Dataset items
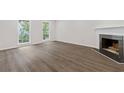Bright living room featuring hardwood floors, a classic fireplace, and ample natural light at 433 The North Chace, Atlanta, GA 30328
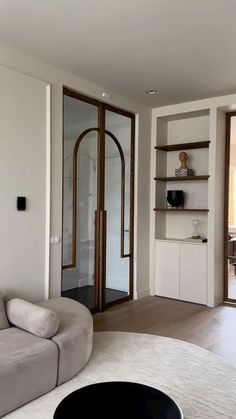 a living room filled with furniture and white walls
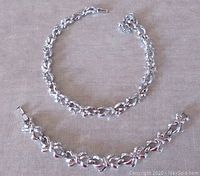 Full view of the vintage jewelry set with necklace and bracelet laid flat showing bow motif links.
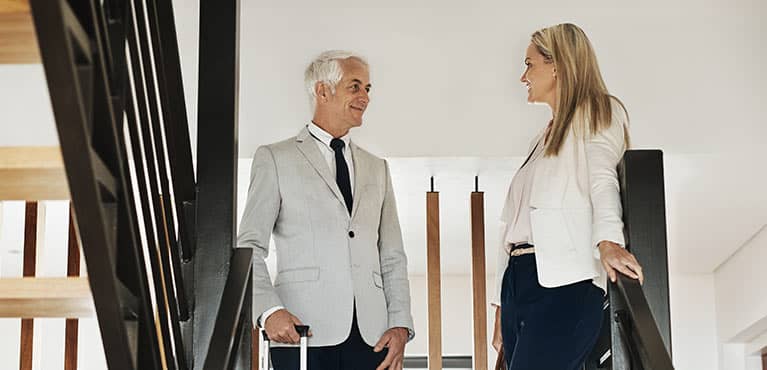 mature businessman consults with lafayette life representative to learn about saving for retirement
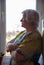 A gray-haired elderly woman stands at the window with her arms crossed over her chest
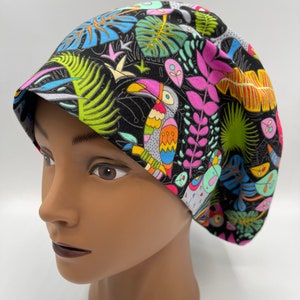 May include: A black scrub hat with a colorful tropical print featuring toucans, leaves, and flowers.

### Required action
Take the data above and repeat it exactly, leaving each picture out.

### The completed task
Bright living room featuring hardwood floors, a classic fireplace, and ample natural light at 433 The North Chace, Atlanta, GA 30328
 a living room filled with furniture and white walls
 Full view of the vintage jewelry set with necklace and bracelet laid flat showing bow motif links.
 mature businessman consults with lafayette life representative to learn about saving for retirement
 A gray-haired elderly woman stands at the window with her arms crossed over her chest
 May include: A black scrub hat with a colorful tropical print featuring toucans, leaves, and flowers.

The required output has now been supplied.